A common pattern is to write to a temporary file first, then move it into place. This prevents partial writes from corrupting the target file if something fails.

In [None]:
import os
import shutil
import tempfile


def safe_write(filepath: str, content: str) -> None:
    """Write content to filepath atomically using a temp file."""
    directory: str = os.path.dirname(filepath)
    with tempfile.NamedTemporaryFile(
        mode="w", dir=directory, suffix=".tmp", delete=False
    ) as tmp:
        tmp.write(content)
        tmp_name: str = tmp.name
    # Move the temp file to the final destination
    shutil.move(tmp_name, filepath)


# Demonstrate the pattern
with tempfile.TemporaryDirectory() as tmpdir:
    target: str = os.path.join(tmpdir, "config.json")
    safe_write(target, '{"key": "value"}')

    with open(target) as f:
        print(f"Written content: {f.read()}")
    print(f"File exists: {os.path.exists(target)}")

In [None]:
import os
import shutil
import tempfile


def backup_and_update(filepath: str, new_content: str) -> str:
    """Create a backup of a file, then update it.
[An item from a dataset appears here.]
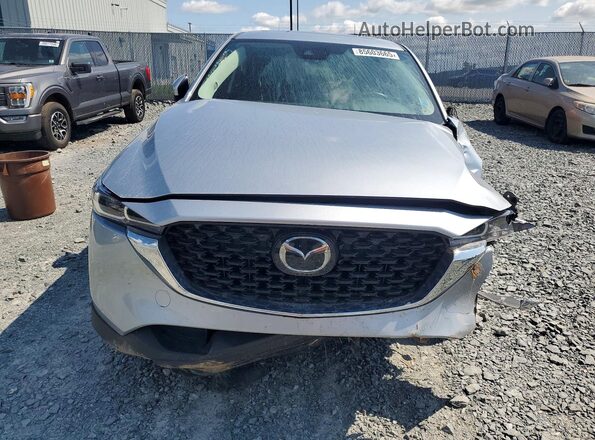 JM3KFBCM6P0213196 2023 MAZDA CX-5 Silver Front view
Returns backup path."""
    backup_path: str = filepath + ".bak"
    if os.path.exists(filepath):
        shutil.copy2(filepath, backup_path)
    with open(filepath, "w") as f:
        f.write(new_content)
    return backup_path


with tempfile.TemporaryDirectory() as tmpdir:
    config: str = os.path.join(tmpdir, "settings.ini")
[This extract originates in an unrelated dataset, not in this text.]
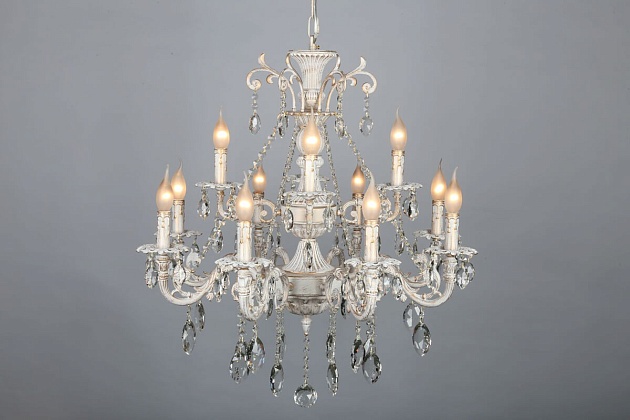 Подвесная люстра Omnilux OML-79003-12 Фото № 5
    # Create original file
    with open(config, "w") as f:
        f.write("version=1")

    # Update with backup
    backup: str = backup_and_update(config, "version=2")

    with open(config) as f:
        print(f"Current: {f.read()}")
    with open(backup) as f:
        print(f"Backup:  {f.read()}")
    print(f"\nFiles: {sorted(os.listdir(tmpdir))}")

## Summary

### `shutil` Module
- **`shutil.copy(src, dst)`**: Copy file content and permissions
- **`shutil.copy2(src, dst)`**: Copy file content, permissions, and metadata (timestamps)
- **`shutil.copytree(src, dst)`**: Recursively copy an entire directory tree
- **`shutil.move(src, dst)`**: Move or rename a file or directory (works across filesystems)
- **`shutil.rmtree(path)`**: Recursively delete a directory and all its contents
- **`shutil.disk_usage(path)`**: Returns named tuple with `total`, `used`, `free` bytes

### `tempfile` Module
- **`NamedTemporaryFile(mode, suffix, delete)`**: Temporary file with a visible name on disk
  - `delete=True` (default): removed on close
  - `delete=False`: persists until manually removed with `os.unlink()`
- **`TemporaryDirectory(prefix, suffix)`**: Temporary directory that auto-cleans on context exit
- **`tempfile.gettempdir()`**: Returns the system's default temporary directory

### Key Patterns
- Write to a temp file, then `shutil.move()` into place for atomic writes
- Use `TemporaryDirectory` as a context manager for scratch space in tests
- Use `copy2()` when you need to preserve file timestamps